Pandas FutureWarning about concatenating DFs with NaN-only cols seems wrong
Asked Answered
V

1

8

I am getting Future Warning with Pandas 2.2.2 when I try to concatenate DFs with Floating Values and Nones.

But the same won't happen if I use INT instead of FLOAT

import pandas as pd

# Block with INT
df1 = pd.DataFrame({'A': [1], 'B': [4]})
df2 = pd.DataFrame({'A': [2], 'B': [None]})
print(len(pd.concat([df1, df2])))

# Block with FLOAT
df1 = pd.DataFrame({'A': [1], 'B': [4.0]})
df2 = pd.DataFrame({'A': [2], 'B': [None]})
print(len(pd.concat([df1, df2])))

Block with INT runs fine, while Block with FLOAT gives warning

Sample output

2
./test.py:18: FutureWarning: The behavior of DataFrame concatenation with empty or all-NA entries is deprecated. In a future version, this will no longer exclude empty or all-NA columns when determining the result dtypes.
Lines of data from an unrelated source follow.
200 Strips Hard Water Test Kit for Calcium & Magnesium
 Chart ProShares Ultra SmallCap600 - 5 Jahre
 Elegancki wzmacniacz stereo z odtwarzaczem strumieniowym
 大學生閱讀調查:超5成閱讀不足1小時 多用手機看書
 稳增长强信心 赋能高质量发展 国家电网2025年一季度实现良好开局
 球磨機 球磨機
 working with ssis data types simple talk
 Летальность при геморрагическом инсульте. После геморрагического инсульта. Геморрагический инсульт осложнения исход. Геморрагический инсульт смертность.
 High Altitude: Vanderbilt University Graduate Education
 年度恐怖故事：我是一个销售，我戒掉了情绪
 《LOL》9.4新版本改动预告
To retain the old behavior, exclude the relevant entries before the concat operation.
  print(len(pd.concat([df1, df2])))
2
  1. Why are INTs fine while Floats are not?
  2. The datatype of the None column seems inferred from other DFs in concatenation (see comments).
  3. If the entire data frame is empty or None, it can be checked and skipped from concatenation, so the warning makes sense. But when a few cols have valid data, it's not clear what the user is expected to do in the future with the NaN cols.

PS: I don't think this is a duplicate of this: Alternative to .concat() of empty dataframe, now that it is being deprecated?

Viscera answered 6/9, 2024 at 12:54 Comment(5)
Interestingly, in the first case, pandas is doing exactly what it is warning about in the second case: it considers the dytpes of empty column 'B' in the second dataframe. None is treated as NaN - float64 value; concat of Int64 and float64 lead to float64 column. So the resulting dataframe in the concat of the first example will have column 'B' as float64 - which may be unexpected for some (me included).Tedi
The question is a bit unclear. There's no bias or expectations when a library warns you they're going to change how things work in a future version. They're telling you what to expect in advance. It seems the real question here is why Ints and Floats behave differently and why None's behavior is determined by the other data. First, None has no type so can't be used to determine the type of B. Second, Ints have no NaN or Inf, those only exist in Floats, implemented in the CPU itself and part of the IEEE-754 standard.Danita
Check the actual contents and dtypes of the concatenated dataframes, not the length. You'll see that in the first case B is an object while in the second case it's a float64 with an actual NaN float valueDanita
So you are saying NaN is inferred for None in df2 in the second case, due to the presence of float in df1's B column? While in first case its non NaN so warning did not trigger?Viscera
In any case, why should it be an issue at all? If my entire DF is empty or None, I understand and can check for it before concatenating, but when few cols have data why give a warning about other empty/NaN-only cols?Viscera
F
3

This topic got discussed in the pandas issue 45637 (see also release notes for 1.4.3). I agree with the OP that this is an inconsistency. As outlined in the issue, there is also a different behaviour between Series vs DataFrame, i.e.

import pandas as pd
print(pd.__version__)  # 2.2.2

df1 = pd.DataFrame({'A': [1], 'B': [4.]})
df2 = pd.DataFrame({'A': [2], 'B': [None]})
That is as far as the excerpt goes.